MARIANI, DENNIS-JACK-MARTY

Walnut Processor

 

In the early 1900s, immigrants from Croatia and the Adriatic islands in Dalmatia had followed their older brothers to the Santa Clara Valley, where they bought and farmed fruit and nut orchards. Their children were farming those orchards in the 1950s and 1960s when houses started to fill the area.  Like other Santa Clara farmers, as they sold orchards to developers, they often brought new orchards farther away and set up processing facilities. That’s why you’ll find the 25-year-old Mariani Nut Company, the largest independent nut processor in the world, right in the Bay Area’s backyard, in Winters, in Yolo County. Owned and managed now by the third generation of Marianis- Dennis, Jack and Marty- the company ships millions of pounds of nuts worldwide for over 1,000 California farmers.

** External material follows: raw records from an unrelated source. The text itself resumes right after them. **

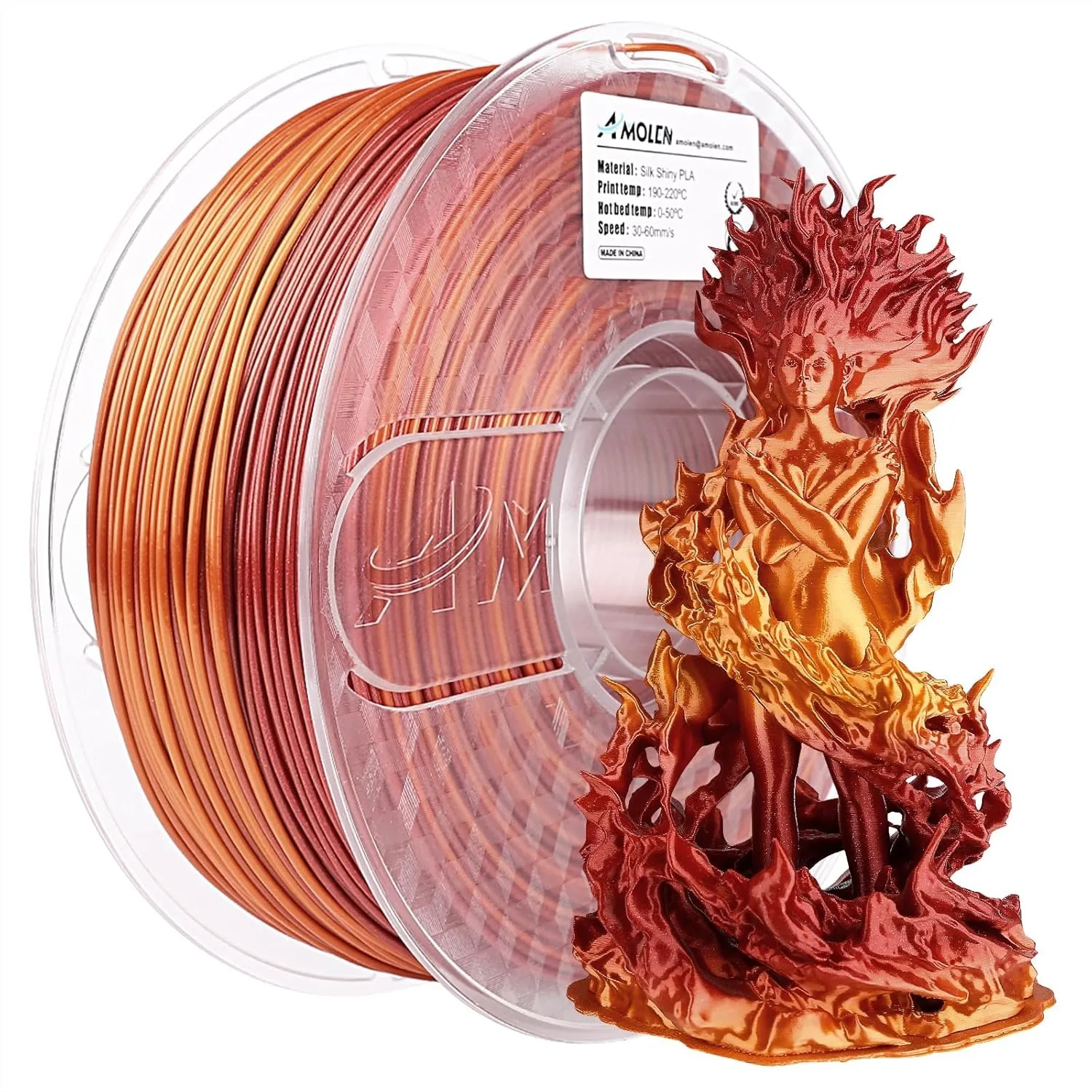 

Silk PLA 3D Printer Filament 1.75mm Red Gold Gradient, 1KG Spool Compatible with FDM Printers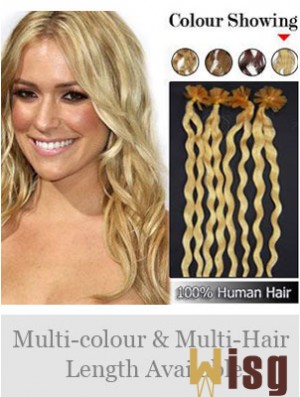 Blonde Curly Great Nail/U Tip Hair Extensions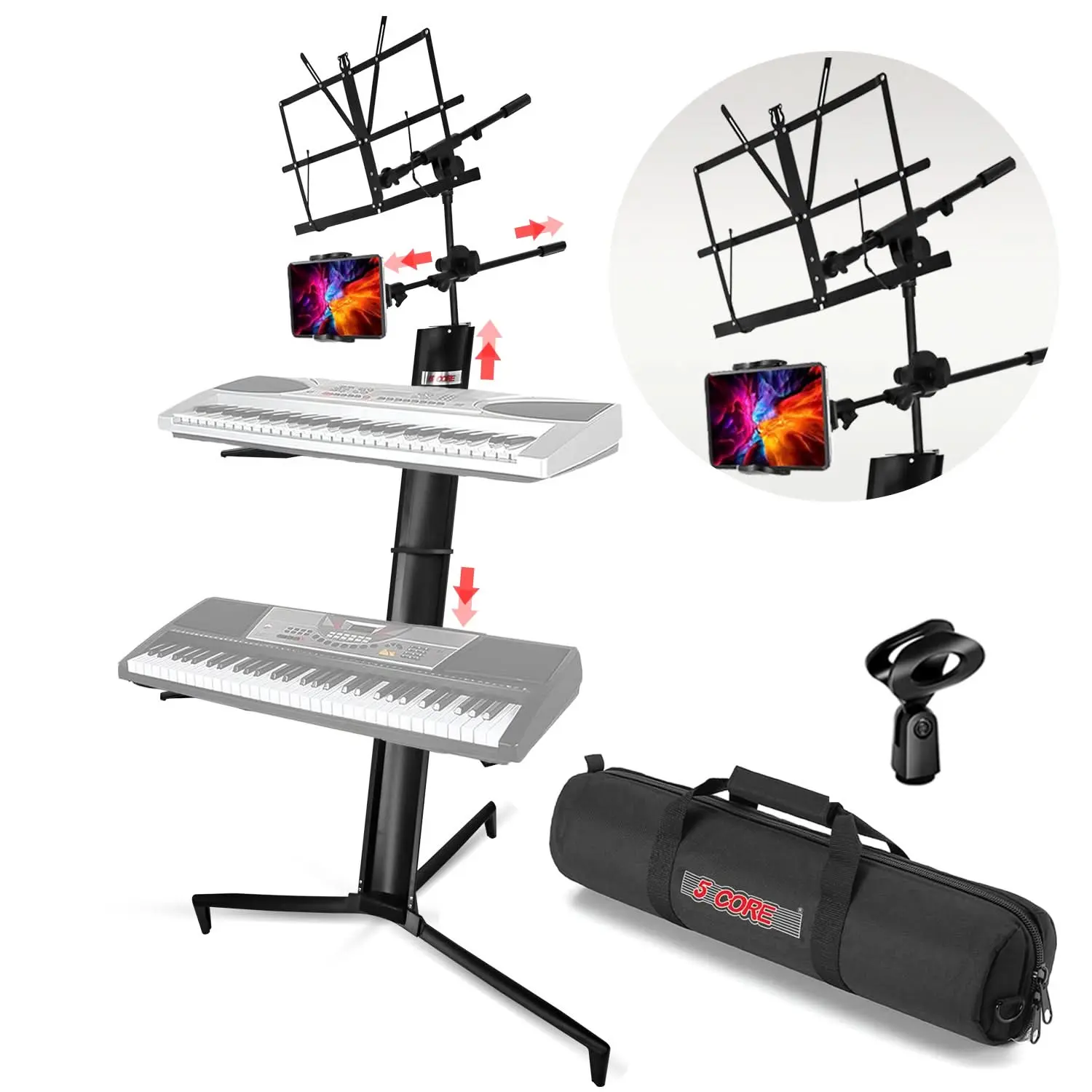 5 Core Keyboard Stand 2 Tier Column for 61/76/88 Key board Heavy Duty Aluminum Build Stands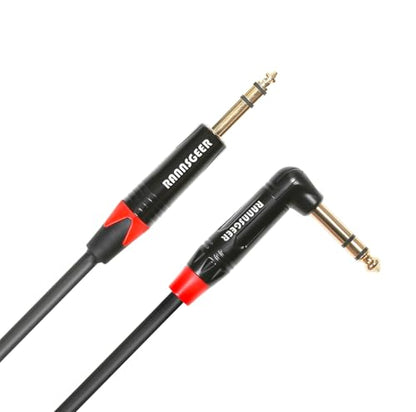 1/4 Inch TRS to TRS Right Angle Patch Cable, 1 Ft 2 Pack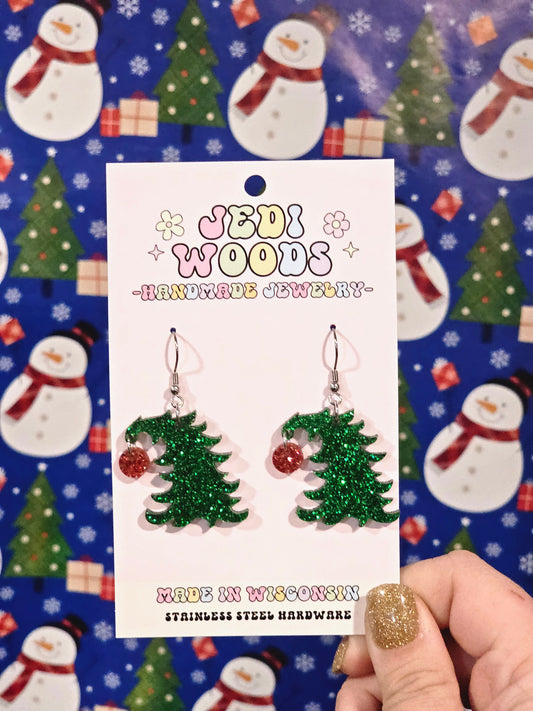 Cindy Lou Bent Christmas Tree Earrings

At one time, says Jack Mariani, part of the walnut crop was held- unsold- to maintain market price.  About a third of California’s walnut crop is handled “old fashioned,” in-shell, for shipment in October and November.  Much of it goes by ship to Northern Europe, where it’s sold during the year-end holidays. The other two-thirds of the crop is shelled, then packaged and sold as walnut meats throughout the year. The biggest market for these shelled nuts is here in the United States. In the first half of the century, Southern California  and the Stockton area were the state’s major walnut production centers.  Walnut orchards were abundant here, too, on the deeper soils in the valleys of the Bay Area and its outlying counties until swept away by the housing boom of the 1950s and ‘60s. In Contra Costa County, walnuts were planted around Clayton and Brentwood, in the Moraga Valley, in the small valleys around Lafayette, in the Diablo Valley, around Walnut Creek and Concord. The Santa Clara Valley had early plantings of walnuts, with orchards trailing down through Morgan Hill to Hollister. Walnuts have moved north now, out of Southern California and almost out of the Bay Area, forced out by housing development.  Visalia is the significant southern producing area.  The orchards skip up to Stanislaus and San Joaquin counties, then follow the Sacramento and Feather Rivers up to Chico and Red Bluff.